In September 2021, Microsoft identified this security weakness, releasing a patch in its “Patch Tuesday updates”. However, after Microsoft made this weakness known to the public, it has been exploited by several threat actors to launch a series of attacks.
In September, Microsoft also identified another targeted phishing campaign. This phishing campaign took advantage of this vulnerability to executive Cobalt Strike Beacons on Windows systems that were compromised.
In November, a report published by SafeBreach labs further showed how threat actors were using the vulnerability for targeted attacks. The report stated that an Iranian threat actor was targeting Farsi-speaking victims. The attacker used a new PowerShell information stealer to collect sensitive personal details from the targeted victims.

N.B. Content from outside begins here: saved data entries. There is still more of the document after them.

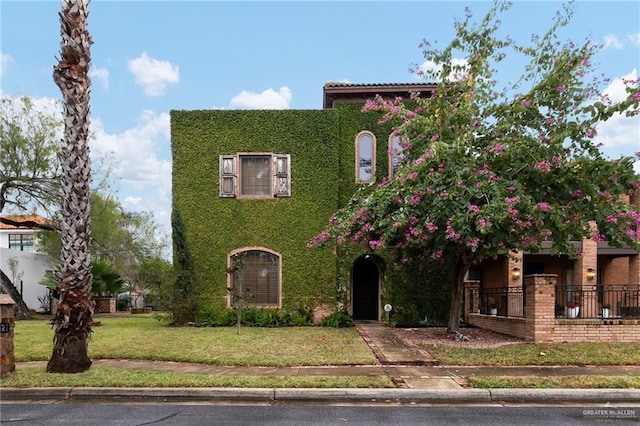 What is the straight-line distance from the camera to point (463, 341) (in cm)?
1126

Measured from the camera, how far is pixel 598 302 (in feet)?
50.8

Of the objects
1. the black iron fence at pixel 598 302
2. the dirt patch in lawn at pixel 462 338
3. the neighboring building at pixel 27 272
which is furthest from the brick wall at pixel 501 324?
the neighboring building at pixel 27 272

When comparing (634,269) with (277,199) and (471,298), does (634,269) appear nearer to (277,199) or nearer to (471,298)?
(471,298)

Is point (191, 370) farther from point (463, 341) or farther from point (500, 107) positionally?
point (500, 107)

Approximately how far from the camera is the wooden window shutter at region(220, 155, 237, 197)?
16.3m

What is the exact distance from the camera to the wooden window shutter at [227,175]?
53.4ft

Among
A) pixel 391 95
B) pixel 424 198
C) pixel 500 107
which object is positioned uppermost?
pixel 391 95

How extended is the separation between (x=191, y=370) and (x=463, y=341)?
641 centimetres

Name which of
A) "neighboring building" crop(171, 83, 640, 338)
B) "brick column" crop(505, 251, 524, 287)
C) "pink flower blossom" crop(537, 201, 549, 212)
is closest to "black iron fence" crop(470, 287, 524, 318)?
"brick column" crop(505, 251, 524, 287)

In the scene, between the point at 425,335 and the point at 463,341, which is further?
the point at 425,335

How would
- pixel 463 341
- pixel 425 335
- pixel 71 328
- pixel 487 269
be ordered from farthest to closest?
pixel 487 269 < pixel 425 335 < pixel 463 341 < pixel 71 328

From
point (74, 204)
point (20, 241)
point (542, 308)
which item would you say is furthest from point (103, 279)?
point (20, 241)

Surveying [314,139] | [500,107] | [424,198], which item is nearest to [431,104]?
[500,107]

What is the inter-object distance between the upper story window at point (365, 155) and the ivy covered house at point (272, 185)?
0.11 ft
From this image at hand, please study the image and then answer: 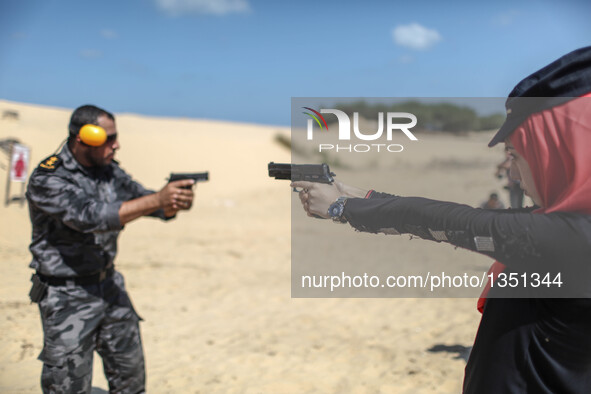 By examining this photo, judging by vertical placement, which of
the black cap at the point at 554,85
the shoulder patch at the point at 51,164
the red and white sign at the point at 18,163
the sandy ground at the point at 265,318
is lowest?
the sandy ground at the point at 265,318

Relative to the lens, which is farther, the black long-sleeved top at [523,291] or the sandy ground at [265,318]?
the sandy ground at [265,318]

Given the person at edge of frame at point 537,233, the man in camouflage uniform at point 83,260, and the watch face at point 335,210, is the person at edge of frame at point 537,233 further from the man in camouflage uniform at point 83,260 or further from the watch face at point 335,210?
the man in camouflage uniform at point 83,260

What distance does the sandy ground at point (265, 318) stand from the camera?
3.52m

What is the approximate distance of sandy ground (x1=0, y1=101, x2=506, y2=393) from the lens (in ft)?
11.6

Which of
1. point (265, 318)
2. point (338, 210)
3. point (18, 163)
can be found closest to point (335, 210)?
point (338, 210)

While the vulnerability has already been patched, the report by Sophos looks at how the threat actors managed to bypass the security measures introduced by the patch. The threat actors managed to do this by morphing a proof-of-concept Office exploit that was publicly available. They later configured it to distribute the Formbook malware.
Sophos Labs noted that the attack had been crafted by a skilled attacker. However, the report notes that the attacker could have managed to bypass this patch because it was “too-narrowly focused.
The researchers further explained that “in the initial versions of CVE-2021-40444 exploits, [the] malicious Office document retrieved a malware payload packaged into a Microsoft Cabinet (or .CAB) file. When Microsoft’s patch closed that loophole, attackers discovered they could use a different attack chain altogether by enclosing the maldoc in a specially crafted RAR archive.”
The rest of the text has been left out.